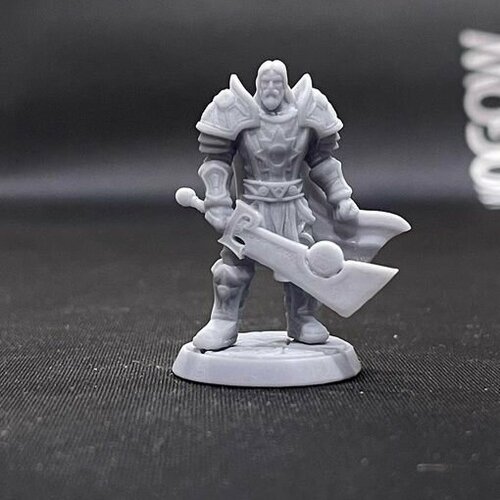 Миниатюра для настольной игры / Серебряная Длань #7 (Warcraft) Масштаб 32мм (не высота)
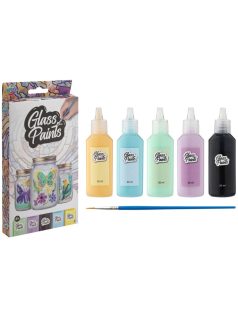 Üvegfóliafesték készlet ecsettel, 5x20ml, Moxy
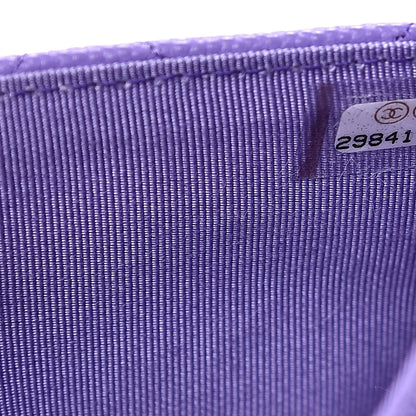 Chanel Caviar Quilted Wallet On Chain WOC Purple 7 of 10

• [WHAT IS BEING ASKED]: Reproduce the material exactly. Pictures stay out.

• [SOLUTION TO THE EXERCISE]:
 Миниатюра для настольной игры / Серебряная Длань #7 (Warcraft) Масштаб 32мм (не высота)
 Üvegfóliafesték készlet ecsettel, 5x20ml, Moxy
 Chanel Caviar Quilted Wallet On Chain WOC Purple 7 of 10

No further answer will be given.